I’ve got a host of tools that are not available in Spotlight or OS X, now or in the next few years, at least. My searches usually take a few milliseconds – orders of magnitude faster than a Spotlight search, with ranked results presented in a much richer environment. I can compare the use of words and terms in my collection instantly. I can use See Also or See Selected Text to look for contextually similar material within my collection. I can use hyperlinks (static or Wiki) to help me link together selected items, or even turn part or all of the project into a Web site though which I might request comments from colleagues, or distribute the project. I can quickly modify my organization of materials using searches, replicants or duplicates (duplicates, or a rich text conversion from PDF, HTML or WebArchive if I wish to highlight or annotate a reference without damaging the original), smart groups and so on. I’ve got AI assistance in classifying new materials I add to the database.

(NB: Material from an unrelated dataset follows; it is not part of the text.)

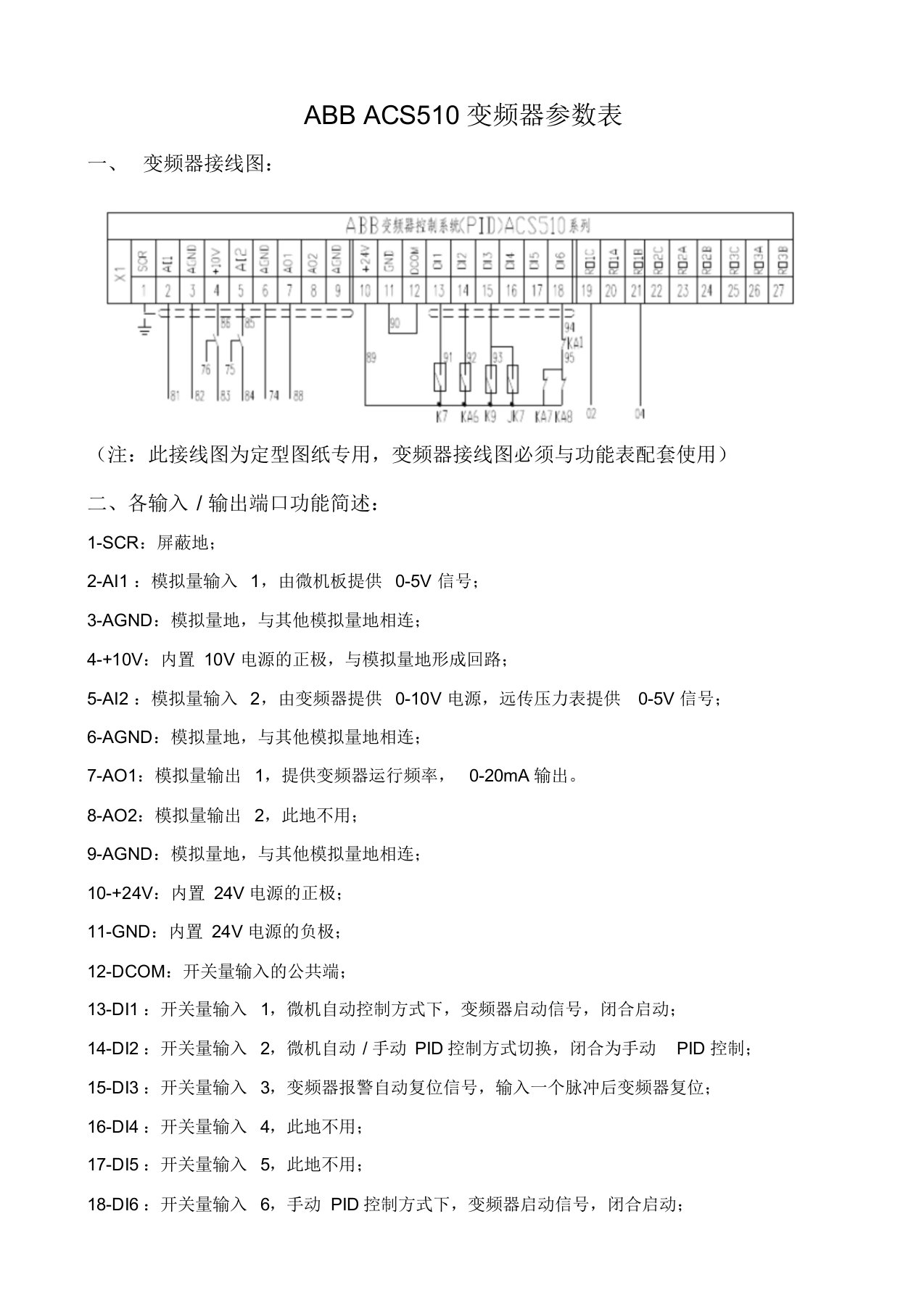 ABBACS510系列变频器通用接线图和参数表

I think you are still viewing DT Pro as a Finder replacement, and entirely overlooking how powerful topical or project databases become as an information collection/analysis/creation working environment far richer than OS X Tiger or Leopard.

Such a project database can be quickly constructed from materials exported from other DT Pro databases, from import of Finder files and from Web sources. BTW, although database contents are not currently visible to Spotlight, if one runs a Daily Backup script on a database, all of its contents are exported as files in the Finder and are visible to Spotlight for indexing and searching.

Bottom line: Don’t let preconceptions about how DT Pro does or doesn’t interact with OS X stop you from taking a look at how DT Pro/Office 1.3.1 can be used in very powerful ways.

I can’t resist another example. A law office might ‘broadcast’ to Mac and PC users, from a little headless Mac Mini, a DT Pro Office database containing all of the office’s policy and procedure documents and forms, company news and other documents for general access – an easy and cheap Intranet. Sure, that can be done in other ways under OS X, but DT Pro Office makes it so simple – just a database of selected content searchable over a local wireless network, providing downloads of forms, etc.

That same law office might scan, OCR and save to a database documentation relevant to a case, add case law documentation relevant to the case, and provide the database on a MacBook to a lawyer heading for court. Result: no bulky, heavy paper, fast search and retrieval and integrated note-taking.

The problem is its too limited for the diversity of file type to be useful. If it can only work with 40% of my file types, that is not usefully enough to use - in fact it becomes a distraction.

As for a finder replacement, I think you have too limited a view of what the finder could become - a very rich environment, with ‘AI’ assistants helping you file, link, organize and find everything in your system. You are stuck in the present mindset of finder as application launcher, instead of finder as a smart, computer-wide assistant. There is no reason, that spotlight needs to be slow if only looking at a subset of your hard-drive (i.e. your database) - it will give you fast results just like devonthink.

For some the modal nature of DT works because they have a very limited scope of what they want from it - for example to store info for 1 research project that will end when they graduate from school, and that doesn’t go beyond, PDFs, HTML, RTFs, & pictures.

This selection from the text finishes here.